**Task item:** Output the listing exactly as written, apart from its pictures.

===== Data provided

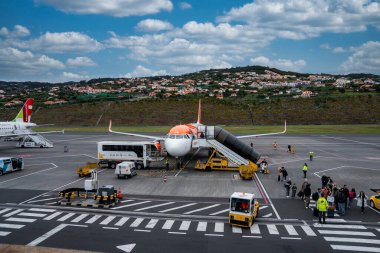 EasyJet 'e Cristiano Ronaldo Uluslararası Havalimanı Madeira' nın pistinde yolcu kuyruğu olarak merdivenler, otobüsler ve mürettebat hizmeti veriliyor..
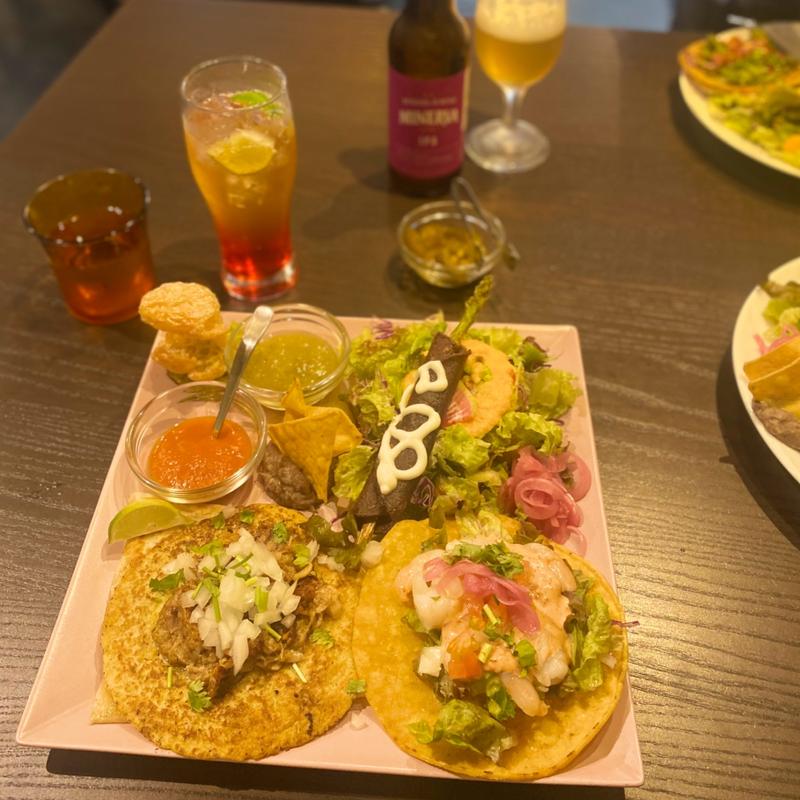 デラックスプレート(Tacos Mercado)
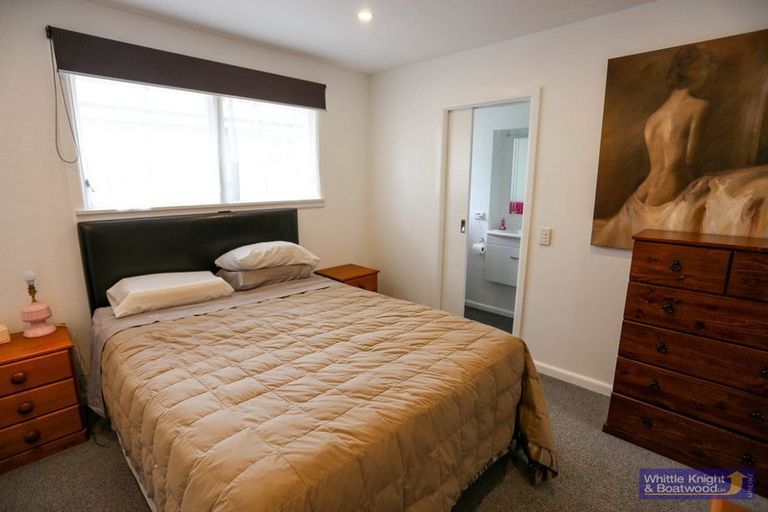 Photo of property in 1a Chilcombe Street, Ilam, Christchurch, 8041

==========

**Expected answer:**
 EasyJet 'e Cristiano Ronaldo Uluslararası Havalimanı Madeira' nın pistinde yolcu kuyruğu olarak merdivenler, otobüsler ve mürettebat hizmeti veriliyor..
 デラックスプレート(Tacos Mercado)
 Photo of property in 1a Chilcombe Street, Ilam, Christchurch, 8041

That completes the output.